La la ill la la la (repeat x 3)

Come little rabbit, come to me

Come little rabbit let it be,

Come little rabbit let us pray

La la ill la la la (repeat x 3)

Come little rabbit, come to me,

Come little rabbit come and play

Come little rabbit let us sing

La la ill la la la

(Only One God [in Arabic] x 2)

Tylko jedno ludzi (Only one people)

Tylko jedno swiat (Only one world)

Tylko jedno Bóg (Only one God [in Turkish])

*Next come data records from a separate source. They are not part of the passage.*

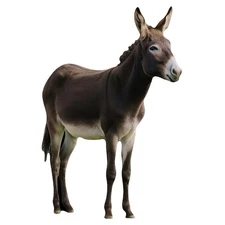 Nativity Donkey Cardboard Cutout, Christmas Life Size Stand Ups, Large Donkey...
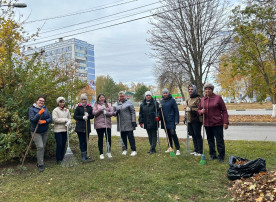 Осенний городской субботник Осенний городской субботник.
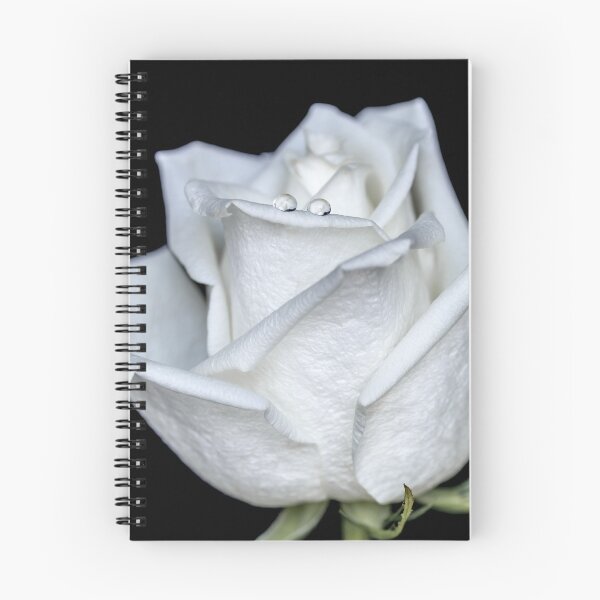 Item preview, Always together designed and sold by Federpics.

La la ill la la (until fade out)

(Come little rabbit come to me)

(Come little rabbit come and play….)

* * *

Notes for Editors:Reprieve, a legal action charity, uses the law to enforce the human rights of prisoners, from death row to Guantánamo Bay. Reprieve investigates, litigates and educates, working on the frontline, to provide legal support to prisoners unable to pay for it themselves. Reprieve promotes the rule of law around the world, securing each person’s right to a fair trial and saving lives. Clive Stafford Smith is the founder of Reprieve and has spent 25 years working on behalf of people facing the death penalty in the USA.

Reprieve’s current casework involves representing 33 prisoners in the US prison at Guantánamo Bay, working on behalf of prisoners facing the death penalty, and conducting ongoing investigations into the rendition and the secret detention of ‘ghost prisoners’ in the so-called ‘war on terror.’